LONDON (Reuters Breakingviews) - Heard the one about the City grandee atop a British bank run by a Wall Street investment banker? Barclays investors certainly have. They will remember that when UK corporate financier Marcus Agius had a double act with hard-charging Chief Executive Bob Diamond it ended in vaudeville, with both eventually resigning over the Libor scandal. Appointing Rothschild & Co’s Nigel Higgins to oversee Chief Executive Jes Staley should end less disastrously.
As a dyed-in-the-wool investment banker and deputy chairman of a seasoned M&A adviser, Higgins may well look kindly on Staley’s drive for Barclays to be competitive in its core non-retail business. That stance will be supported by the fact that Barclays’ retrenchment period is over. In the third quarter the bank’s return on tangible equity was 9.4 percent.
In that light, the appointment looks like a defence of the status quo and, specifically, Staley’s investment bank bolstering as European rivals Deutsche Bank and Credit Suisse struggle. By contrast, outgoing chair John McFarlane, according to author Philip Augar, repeatedly clashed with former CEO Antony Jenkins over cuts to Barclays sizeable trading operations in particular.
Higgins has three things to bear in mind. One is to avoid hubris: when McFarlane joined he predicted a doubling of the share price in three years, when it actually fell by a third. Another is the need to identify a replacement for Staley. Having led a bruising restructuring since joining in late 2015 and fallen foul of whistleblowing rules, it would make sense for the CEO to step down next year or 2020, ideally when Barclays has achieved its 10 percent return on tangible equity target, in line with its cost of capital.
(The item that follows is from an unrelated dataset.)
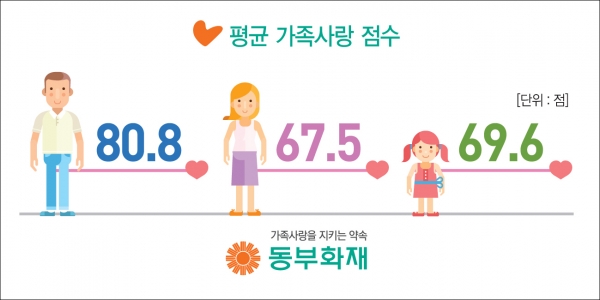 (사진=동부화재)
The final issue is Barclays shares’ persistent discount to book, currently 30 percent. If returns falter, the age-old question about the utility of having a large investment bank will resurface – as will the appeal of activist investor Edward Bramson. If other shareholders suddenly become receptive to his pleas to cull the rainmakers and traders, Higgins will need to use his relationship skills to explain why Barclays’ current structure is fit for purpose.